Hi Pete,

> On Sep 11, 2018, at 00:40, Pete Heist <[email protected]> wrote:
> 
> Subject changed from “Cake on elements of a bridge”...
> 
> On Sep 10, 2018, at 9:55 PM, Dave Taht <[email protected]> wrote:
>> 
>> On Mon, Sep 10, 2018 at 12:29 PM Pete Heist <[email protected]> wrote:
>>> 
>>> For anyone who followed this, yes, the regular soft bridge (i.e. set 
>>> interfaces bridge br0) works fine on the ER-X, as I suspect it would on 
>>> most any Linux. A few notes about it:
>>> 
>>> - Your qdisc must be added to the physical interface (e.g. eth4), not the 
>>> bridge interface
>>> - Unlike the hardware bridge which has its own MAC, the soft bridge seems 
>>> to take the MAC of the lowest (or first listed?) interface port
>>> - On ER-X, bridge-nf-call-iptables=1 is the default so nothing needs to be 
>>> changed there for firewalling
>>> - When firewalling the bridged WAN interface, ‘in’ corresponds to bridged 
>>> traffic and ‘local’ to routed traffic, which is different from the 
>>> semantics for ordinary routed traffic
>>> - I can do stateful firewalling for bridged hosts with “accept established 
>>> and related”, but have to explicitly allow DHCP (UDP source/dest port 
>>> 67-68) in the WAN interface’s ‘in’ rules for DHCP traffic to pass through 
>>> the bridge
>>> 
>>> Performance:
>>> 
>>> Using Cake with this setup, the fun ends at around 110 Mbit with ksoftirqd 
>>> thrashing. Unsurprisingly, there’s probably some overhead here with the 
>>> soft bridge. For my purposes though (50 Mbit), it’s enough, barely…
>> 
>> Can I encourage you to give regular ole htb+fq_codel sqm a shot with a
>> bigger burst and cburst size for htb? Fiddling with the htb quantum
>> isn't helping much,
>> but try this, from: https://github.com/tohojo/sqm-scripts/issues/71
>> 
>> (I am thinking burst and cburst should be about 1.1ms of buffering in size)
> 
> So this has turned info an interesting exercise that produced a result 
> counter to what the common wisdom has been (that fq_codel is “faster” than 
> cake

        I believe the argument is more about htb+fq_codel versus cake instead 
of fq_codel versus cake, as it seems to be the shaper functionality that incurs 
the highest cost.

> ). Because of that, I’m open to criticism of my methodology and different 
> criteria for a successful bitrate for the shaper.
> 
> First, note that these tests still through a bridge as above, but are for a 
> more typical setup with separate qdisc instances on egress and ingress, as 
> opposed to my “110 Mbit” result from above, which was for egress and ingress 
> through a common IFB.
> 
> It occurs to me that what I really want to know is the maximum set bitrate 
> for the shaper where it still appears to be behaving properly and 
> consistently, meaning, the actual measured TCP throughput is held steady, and 
> at the expected percentage less than the set bitrate. I first find this out 
> by setting a “comfortable” rate of 100Mbit and checking TCP throughput with 
> iperf3, which is typically around 5% less than the set bitrate.

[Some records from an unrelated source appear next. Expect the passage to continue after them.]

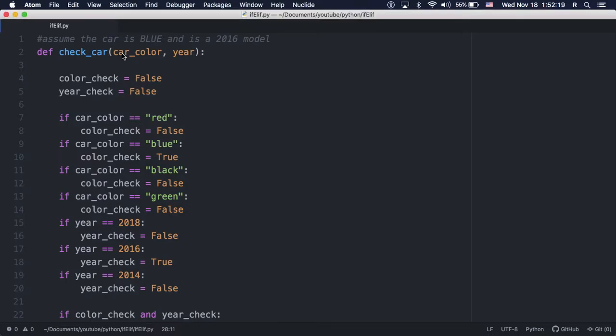In this video, I'll demonstrate the difference between using ifs and elifs in Python.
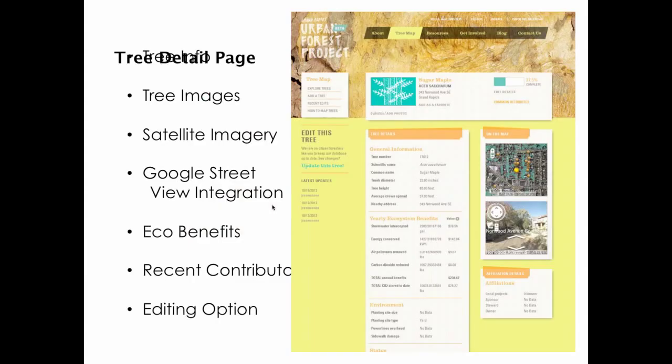If you click the link to view all details, you go to the tree's detail page. We like to think of this as the tree's Facebook page — it's basically everything about the tree. You might have images that people have uploaded, satellite imagery, Google Street View integration so people can get a live action shot of the tree, and a list of recent contributions or the eco-benefits generated by the tree. The cities each take a slightly different stance on how this information is displayed.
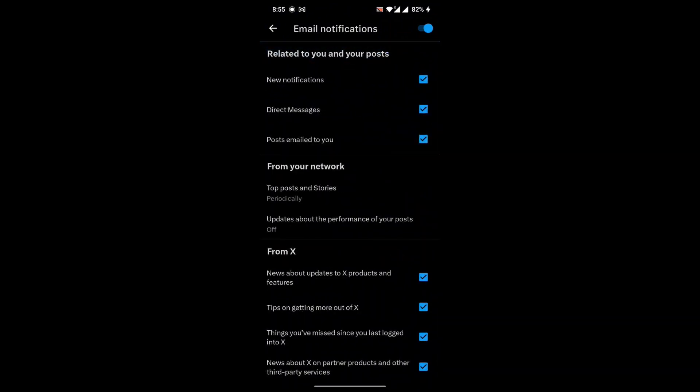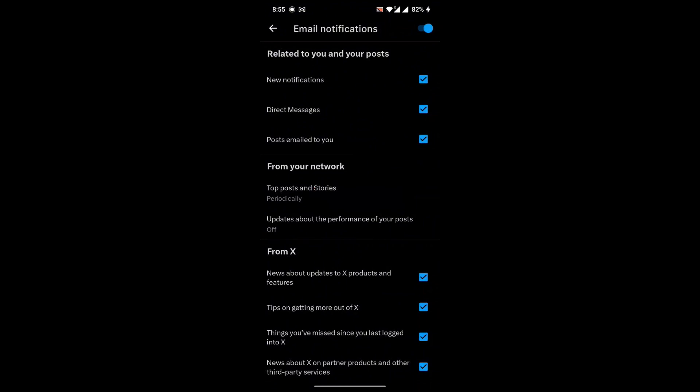In this way, you can stop receiving email notifications on Twitter. If you find this video helpful, please follow for more content and don't forget to subscribe to the channel. Thank you.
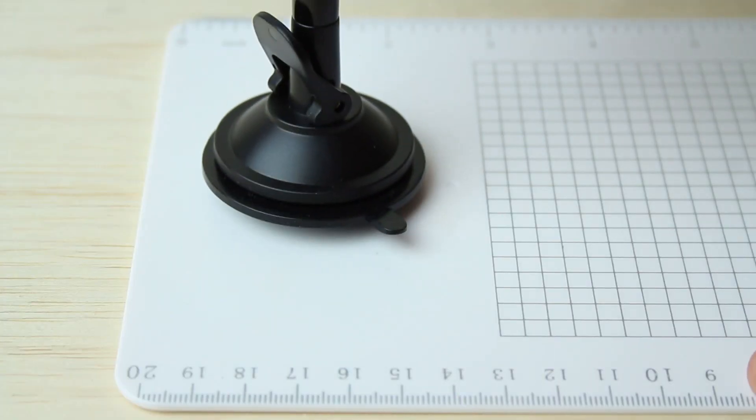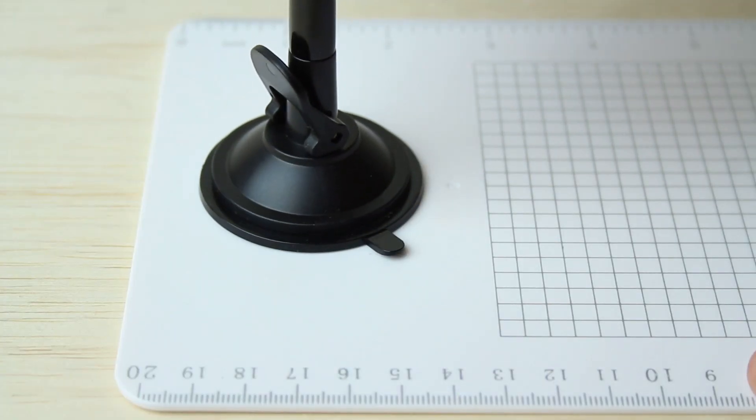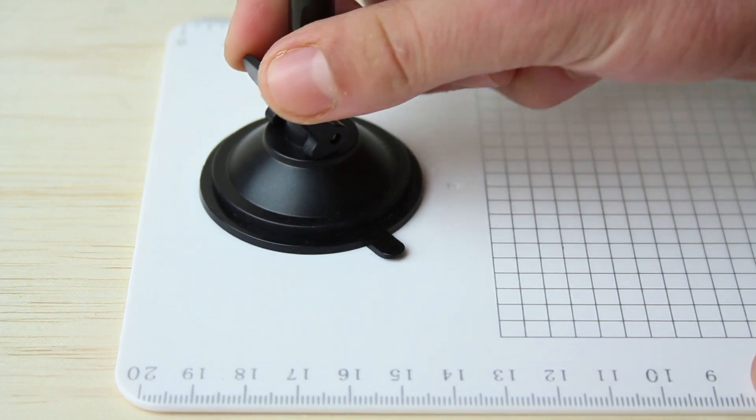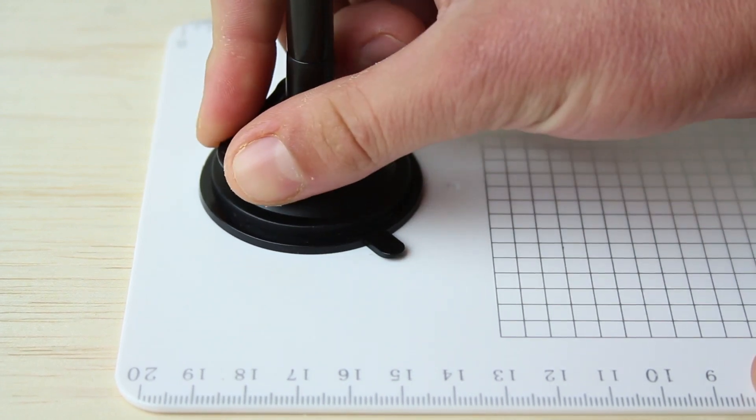Place the suction cup on the observation grid, press down, and secure the suction cup lever.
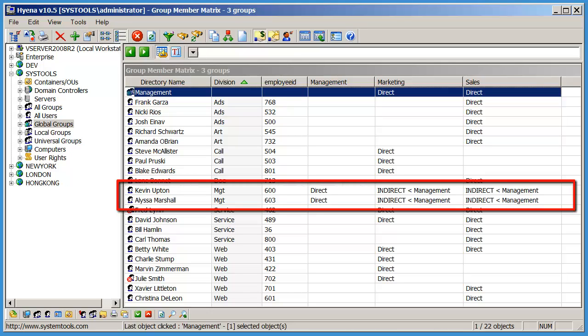In this example, Kevin Upton and Alyssa Marshall are direct members of the Management Group. Since the Management Group is a member of the Marketing Group and Sales Group, Kevin and Alyssa are also shown as indirect members of the Marketing Group and Sales Group.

        So the expected values somewhat depend on the exact configuration, but 
over all the expected TCP/IPv4 goodput is calculated as follows (I assume you 
are well aware of that, but I believe this worth repeating to calibrate the 
expectancy):
Expected overhead percentage: 100 - 100 * ((MTU - IP-Overhead - TCP-Overhead) / 
(MTU + Framing-Overhead))
assuming MTU 1500, IPv4, no TCP options, and ethernet framing (of which the 
kernel only accounts for 14 bytes) we get
100 - 100 * ((1500 - 20 - 20) / (1500 + 14)) = 3.57 % so the observed 
difference between set gross-rate and measured net-tcp payload rate matches the 
theory reasonably well.
with tcp timestamps which you might/should have enabled you get:
100 - 100 * ((1500 - 20 - 20 - 12) / (1500 + 14)) = 4.39 %
and with proper accounting for an ethernet carrier:
100 - 100 * ((1500 - 20 - 20 - 12) / (1500 + 38)) = 5.85175552666 %
all of these are close enough to 5% to make the 5% rule a reasonable threshold 
to compare against, at least to me.

> Then I increase the shaper’s bitrate 5Mbit at a time and re-run the test 
> until I find the last bitrate at which iperf3 reports a stable (within a few 
> percent) and correct rate over 10 seconds for several runs in a row. See the 
> attached iperf3 results for sample runs around the threshold rates.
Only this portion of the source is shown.